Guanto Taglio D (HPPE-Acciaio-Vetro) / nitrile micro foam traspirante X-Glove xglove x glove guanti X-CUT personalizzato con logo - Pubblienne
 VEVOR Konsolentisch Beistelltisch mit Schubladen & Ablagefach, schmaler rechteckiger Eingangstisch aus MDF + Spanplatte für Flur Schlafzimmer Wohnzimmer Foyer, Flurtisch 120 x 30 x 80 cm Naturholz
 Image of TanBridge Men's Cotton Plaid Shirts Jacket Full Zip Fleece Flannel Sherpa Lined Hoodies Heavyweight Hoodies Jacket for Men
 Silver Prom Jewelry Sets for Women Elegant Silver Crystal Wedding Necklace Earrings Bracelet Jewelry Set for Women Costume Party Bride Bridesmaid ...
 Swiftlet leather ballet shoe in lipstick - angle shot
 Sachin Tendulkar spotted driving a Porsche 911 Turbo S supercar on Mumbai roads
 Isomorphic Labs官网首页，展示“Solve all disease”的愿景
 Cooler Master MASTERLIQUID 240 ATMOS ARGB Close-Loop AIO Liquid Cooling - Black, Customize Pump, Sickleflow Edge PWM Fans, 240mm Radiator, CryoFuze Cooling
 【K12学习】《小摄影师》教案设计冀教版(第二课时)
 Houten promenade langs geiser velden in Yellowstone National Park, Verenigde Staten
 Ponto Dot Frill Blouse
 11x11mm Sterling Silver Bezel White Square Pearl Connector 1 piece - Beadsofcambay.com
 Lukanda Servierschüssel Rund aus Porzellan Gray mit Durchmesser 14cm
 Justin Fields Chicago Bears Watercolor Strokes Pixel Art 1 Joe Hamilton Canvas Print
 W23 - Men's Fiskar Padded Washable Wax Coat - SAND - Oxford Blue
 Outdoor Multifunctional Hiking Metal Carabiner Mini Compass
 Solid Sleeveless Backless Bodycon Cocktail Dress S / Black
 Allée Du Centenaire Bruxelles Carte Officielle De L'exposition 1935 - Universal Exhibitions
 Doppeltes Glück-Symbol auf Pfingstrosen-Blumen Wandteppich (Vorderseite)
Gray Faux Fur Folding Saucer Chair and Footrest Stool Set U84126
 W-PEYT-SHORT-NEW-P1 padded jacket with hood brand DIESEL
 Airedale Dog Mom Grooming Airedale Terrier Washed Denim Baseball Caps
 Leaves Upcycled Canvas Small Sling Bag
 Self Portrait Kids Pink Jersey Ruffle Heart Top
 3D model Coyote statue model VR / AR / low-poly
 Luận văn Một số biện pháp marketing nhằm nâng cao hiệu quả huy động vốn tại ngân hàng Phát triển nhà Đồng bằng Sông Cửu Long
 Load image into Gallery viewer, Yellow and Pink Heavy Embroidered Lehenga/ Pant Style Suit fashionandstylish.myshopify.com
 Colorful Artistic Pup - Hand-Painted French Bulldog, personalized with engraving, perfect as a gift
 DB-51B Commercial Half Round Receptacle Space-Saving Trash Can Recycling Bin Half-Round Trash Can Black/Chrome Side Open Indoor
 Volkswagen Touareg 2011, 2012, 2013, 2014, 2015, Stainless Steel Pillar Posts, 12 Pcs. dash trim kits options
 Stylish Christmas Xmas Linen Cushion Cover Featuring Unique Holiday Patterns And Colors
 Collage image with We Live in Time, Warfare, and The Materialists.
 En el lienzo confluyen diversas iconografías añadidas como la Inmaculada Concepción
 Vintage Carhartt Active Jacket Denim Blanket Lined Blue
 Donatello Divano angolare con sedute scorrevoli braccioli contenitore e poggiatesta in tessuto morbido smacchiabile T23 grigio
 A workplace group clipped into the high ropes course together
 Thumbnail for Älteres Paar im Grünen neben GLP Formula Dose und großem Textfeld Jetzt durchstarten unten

----

**WHAT THE EXERCISE ASKS**
Using the data above, restate word for word the lines from its opening line through the line that contains "Colorful Artistic Pup", and no more.

**ANSWER SPACE**
Guanto Taglio D (HPPE-Acciaio-Vetro) / nitrile micro foam traspirante X-Glove xglove x glove guanti X-CUT personalizzato con logo - Pubblienne
 VEVOR Konsolentisch Beistelltisch mit Schubladen & Ablagefach, schmaler rechteckiger Eingangstisch aus MDF + Spanplatte für Flur Schlafzimmer Wohnzimmer Foyer, Flurtisch 120 x 30 x 80 cm Naturholz
 Image of TanBridge Men's Cotton Plaid Shirts Jacket Full Zip Fleece Flannel Sherpa Lined Hoodies Heavyweight Hoodies Jacket for Men
 Silver Prom Jewelry Sets for Women Elegant Silver Crystal Wedding Necklace Earrings Bracelet Jewelry Set for Women Costume Party Bride Bridesmaid ...
 Swiftlet leather ballet shoe in lipstick - angle shot
 Sachin Tendulkar spotted driving a Porsche 911 Turbo S supercar on Mumbai roads
 Isomorphic Labs官网首页，展示“Solve all disease”的愿景
 Cooler Master MASTERLIQUID 240 ATMOS ARGB Close-Loop AIO Liquid Cooling - Black, Customize Pump, Sickleflow Edge PWM Fans, 240mm Radiator, CryoFuze Cooling
 【K12学习】《小摄影师》教案设计冀教版(第二课时)
 Houten promenade langs geiser velden in Yellowstone National Park, Verenigde Staten
 Ponto Dot Frill Blouse
 11x11mm Sterling Silver Bezel White Square Pearl Connector 1 piece - Beadsofcambay.com
 Lukanda Servierschüssel Rund aus Porzellan Gray mit Durchmesser 14cm
 Justin Fields Chicago Bears Watercolor Strokes Pixel Art 1 Joe Hamilton Canvas Print
 W23 - Men's Fiskar Padded Washable Wax Coat - SAND - Oxford Blue
 Outdoor Multifunctional Hiking Metal Carabiner Mini Compass
 Solid Sleeveless Backless Bodycon Cocktail Dress S / Black
 Allée Du Centenaire Bruxelles Carte Officielle De L'exposition 1935 - Universal Exhibitions
 Doppeltes Glück-Symbol auf Pfingstrosen-Blumen Wandteppich (Vorderseite)
Gray Faux Fur Folding Saucer Chair and Footrest Stool Set U84126
 W-PEYT-SHORT-NEW-P1 padded jacket with hood brand DIESEL
 Airedale Dog Mom Grooming Airedale Terrier Washed Denim Baseball Caps
 Leaves Upcycled Canvas Small Sling Bag
 Self Portrait Kids Pink Jersey Ruffle Heart Top
 3D model Coyote statue model VR / AR / low-poly
 Luận văn Một số biện pháp marketing nhằm nâng cao hiệu quả huy động vốn tại ngân hàng Phát triển nhà Đồng bằng Sông Cửu Long
 Load image into Gallery viewer, Yellow and Pink Heavy Embroidered Lehenga/ Pant Style Suit fashionandstylish.myshopify.com
 Colorful Artistic Pup - Hand-Painted French Bulldog, personalized with engraving, perfect as a gift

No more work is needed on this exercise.